As noted, unless you live in the region, you've probably never heard of this case. That's because Small was white. As such, she does not fit comfortably into our national debate on police brutality, dominated as it has been by African Americans like Philando Castile, Tamir Rice and Freddie Gray.
But as I pointed out two years ago, "Although African Americans bear the brunt of our refusal to demand accountability for police misbehavior, unchecked power ultimately has no racial loyalties."
The British historian Lord Acton famously put it like this: "Power tends to corrupt. Absolute power corrupts absolutely."
Sargeant Sasser got away with murder because of that corrupted power, because it closed ranks and looked the other way. Heck, he even got a promotion. Apparently, no one thought to ask whether two men who could callously execute a woman who posed no threat were fit to be police officers. Apparently, no one wondered if maybe they should be in prison.

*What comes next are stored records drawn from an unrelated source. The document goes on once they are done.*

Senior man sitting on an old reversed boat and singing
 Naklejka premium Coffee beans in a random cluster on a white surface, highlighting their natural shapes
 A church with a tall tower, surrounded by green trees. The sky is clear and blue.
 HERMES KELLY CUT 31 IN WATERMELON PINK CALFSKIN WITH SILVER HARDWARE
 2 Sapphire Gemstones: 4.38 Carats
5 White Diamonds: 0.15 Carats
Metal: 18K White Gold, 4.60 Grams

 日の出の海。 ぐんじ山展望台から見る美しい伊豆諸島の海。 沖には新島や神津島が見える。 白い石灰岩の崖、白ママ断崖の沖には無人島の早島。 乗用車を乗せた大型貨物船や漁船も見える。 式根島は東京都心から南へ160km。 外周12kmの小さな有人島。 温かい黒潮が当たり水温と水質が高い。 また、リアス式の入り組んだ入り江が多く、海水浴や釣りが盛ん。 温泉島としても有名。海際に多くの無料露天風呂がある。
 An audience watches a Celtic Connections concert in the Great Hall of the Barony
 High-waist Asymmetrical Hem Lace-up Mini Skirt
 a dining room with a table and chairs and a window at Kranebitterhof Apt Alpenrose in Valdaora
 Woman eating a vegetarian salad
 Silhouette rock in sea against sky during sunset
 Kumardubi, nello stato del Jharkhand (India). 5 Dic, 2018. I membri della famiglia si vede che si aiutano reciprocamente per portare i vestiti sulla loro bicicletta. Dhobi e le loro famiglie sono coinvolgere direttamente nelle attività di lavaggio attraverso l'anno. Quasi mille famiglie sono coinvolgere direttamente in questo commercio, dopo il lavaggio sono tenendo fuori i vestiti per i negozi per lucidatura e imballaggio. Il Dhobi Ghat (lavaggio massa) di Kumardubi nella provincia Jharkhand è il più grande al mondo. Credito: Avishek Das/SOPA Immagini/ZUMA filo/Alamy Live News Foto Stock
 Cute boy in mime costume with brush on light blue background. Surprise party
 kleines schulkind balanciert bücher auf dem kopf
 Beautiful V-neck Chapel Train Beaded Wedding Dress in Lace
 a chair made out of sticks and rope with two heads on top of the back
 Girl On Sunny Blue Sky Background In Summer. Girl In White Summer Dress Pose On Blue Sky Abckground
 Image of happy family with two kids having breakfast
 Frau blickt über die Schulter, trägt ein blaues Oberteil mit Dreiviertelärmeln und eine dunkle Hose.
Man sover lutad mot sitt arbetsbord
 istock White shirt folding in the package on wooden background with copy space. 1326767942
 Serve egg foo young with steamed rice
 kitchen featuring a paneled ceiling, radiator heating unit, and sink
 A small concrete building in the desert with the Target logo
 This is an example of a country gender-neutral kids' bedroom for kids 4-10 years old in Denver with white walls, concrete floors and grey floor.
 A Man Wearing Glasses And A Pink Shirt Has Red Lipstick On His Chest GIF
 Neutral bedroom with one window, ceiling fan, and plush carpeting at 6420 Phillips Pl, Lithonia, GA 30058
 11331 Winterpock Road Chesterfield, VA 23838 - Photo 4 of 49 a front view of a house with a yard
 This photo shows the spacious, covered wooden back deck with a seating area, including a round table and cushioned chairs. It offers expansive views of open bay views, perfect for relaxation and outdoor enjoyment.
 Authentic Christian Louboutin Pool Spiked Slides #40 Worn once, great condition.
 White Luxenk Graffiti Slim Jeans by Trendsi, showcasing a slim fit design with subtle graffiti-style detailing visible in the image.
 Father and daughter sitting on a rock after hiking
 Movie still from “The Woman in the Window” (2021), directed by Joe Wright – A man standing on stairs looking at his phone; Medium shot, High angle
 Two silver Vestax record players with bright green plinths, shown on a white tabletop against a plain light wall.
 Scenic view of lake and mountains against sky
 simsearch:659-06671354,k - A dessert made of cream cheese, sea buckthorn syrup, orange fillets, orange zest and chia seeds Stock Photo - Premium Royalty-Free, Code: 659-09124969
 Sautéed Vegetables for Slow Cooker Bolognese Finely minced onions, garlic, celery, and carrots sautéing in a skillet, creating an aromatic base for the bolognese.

In May, Sargeant Sasser was arrested for domestic violence. A few days later, he tried to assault fellow officers after a nine-hour standoff during which he was suicidal. Last month, he murdered his estranged wife, Katie, and John Hall.
And maybe none of it would have happened had anyone done right by Small, had they not placed law enforcers above the law itself. May every cop and prosecutor wrestle with the lessons of that failure. May every individual who thinks police brutality is something black people made up realize that under unchecked power, no one is safe.
And may every person who failed Caroline Small meet her in their dreams.